Re: [PATCH 16/23] sched: Use lightweight hazard pointers to grab lazy mms

Nicholas Piggin <npiggin@xxxxxxxxx> · Mon, 10 Jan 2022 15:17:56 +1000

Excerpts from Nicholas Piggin's message of January 10, 2022 2:56 pm:
> Excerpts from Linus Torvalds's message of January 10, 2022 7:51 am:
>> [ Ugh, I actually went back and looked at Nick's patches again, to
>> just verify my memory, and they weren't as pretty as I thought they
>> were ]
>> 
>> On Sun, Jan 9, 2022 at 12:48 PM Linus Torvalds
>> <torvalds@xxxxxxxxxxxxxxxxxxxx> wrote:
>>>
>>> I'd much rather have a *much* smaller patch that says "on x86 and
>>> powerpc, we don't need this overhead at all".
>> 
>> For some reason I thought Nick's patch worked at "last mmput" time and
>> the TLB flush IPIs that happen at that point anyway would then make
>> sure any lazy TLB is cleaned up.
>> 
>> But that's not actually what it does. It ties the
>> MMU_LAZY_TLB_REFCOUNT to an explicit TLB shootdown triggered by the
>> last mmdrop() instead. Because it really tied the whole logic to the
>> mm_count logic (and made lazy tlb to not do mm_count) rather than the
>> mm_users thing I mis-remembered it doing.
> 
> It does this because on powerpc with hash MMU, we can't use IPIs for
> TLB shootdowns.
> 
>> So at least some of my arguments were based on me just mis-remembering
>> what Nick's patch actually did (mainly because I mentally recreated
>> the patch from "Nick did something like this" and what I thought would
>> be the way to do it on x86).
> 
> With powerpc with the radix MMU using IPI based shootdowns, we can 
> actually do the switch-away-from-lazy on the final TLB flush and the
> final broadcast shootdown thing becomes a no-op. I didn't post that
> additional patch because it's powerpc-specific and I didn't want to
> post more code so widely.

This is the patch that goes on top of the series I posted.

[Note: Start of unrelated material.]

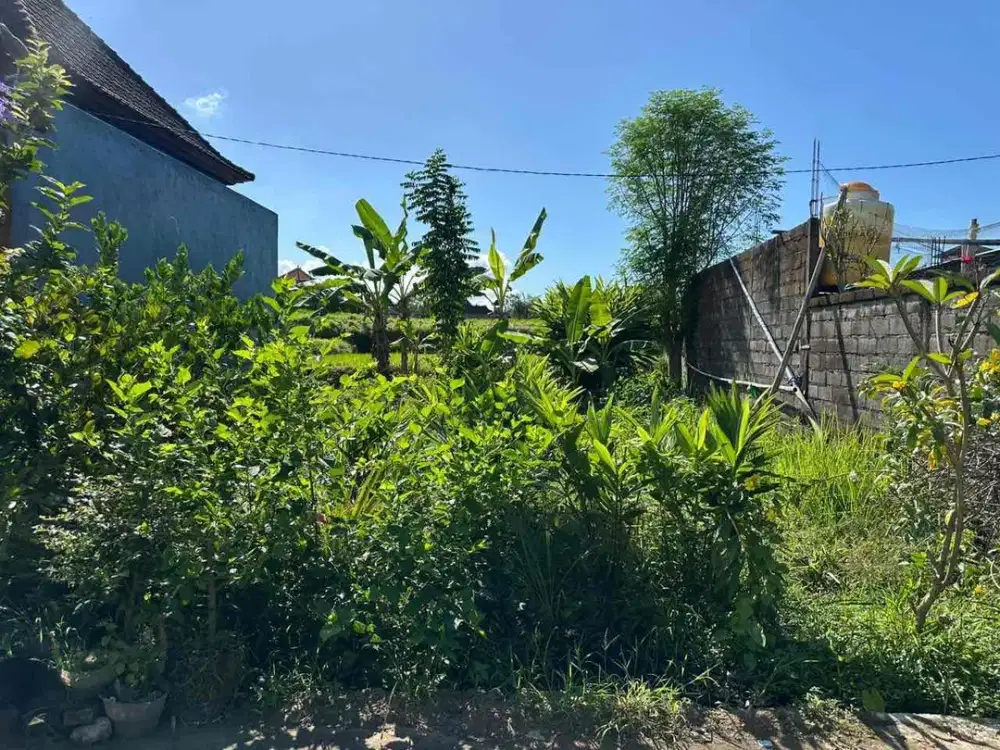 Tanah Langka View Sawah Dekat dengan Pantai Keramas & Pantai Saba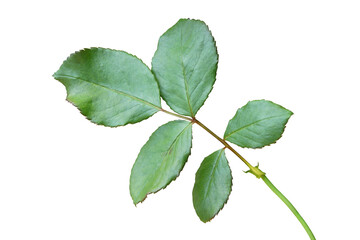 Fototapeta premium Rose Leaves Isolated on White Background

It's not
very clean at the moment it was just a proof of concept. I wrote it
a year ago by the looks so no guarantees. But it exits all other
lazies as part of the final exit_mmap TLB flush so there should not be
additional IPIs at drop-time. Possibly you could get preempted and
moved CPUs between them but the point is the vast majority of the time
you won't require more IPIs.

Well, with powerpc it's not _quite_ that simple, it is possible we
could use broadcast TLBIE instruction rather than IPIs for this, in
practice I think that's not _so much_ faster that the IPIs are a
problem and on highly threaded jobs where you might have hundreds of
other CPUs in the mask, you'd rather avoid the cacheline bouncing in
context switch anyway.

Thanks,
Nick

>From 1f7fd5de284fab6b94bf49f55ce691ae22538473 Mon Sep 17 00:00:00 2001
From: Nicholas Piggin <npiggin@xxxxxxxxx>
Date: Tue, 23 Feb 2021 14:11:21 +1000
Subject: [PATCH] powerpc/64s/radix: TLB flush optimization for lazy mm
 shootdown refcounting

XXX: could also clear lazy at exit, perhaps?
XXX: doesn't really matter AFAIKS because it will soon go away with mmput
XXX: must audit exit flushes for nest MMU
---
 arch/powerpc/mm/book3s64/radix_tlb.c | 45 ++++++++++++++--------------
 kernel/fork.c                        | 16 ++++++++--
 2 files changed, 35 insertions(+), 26 deletions(-)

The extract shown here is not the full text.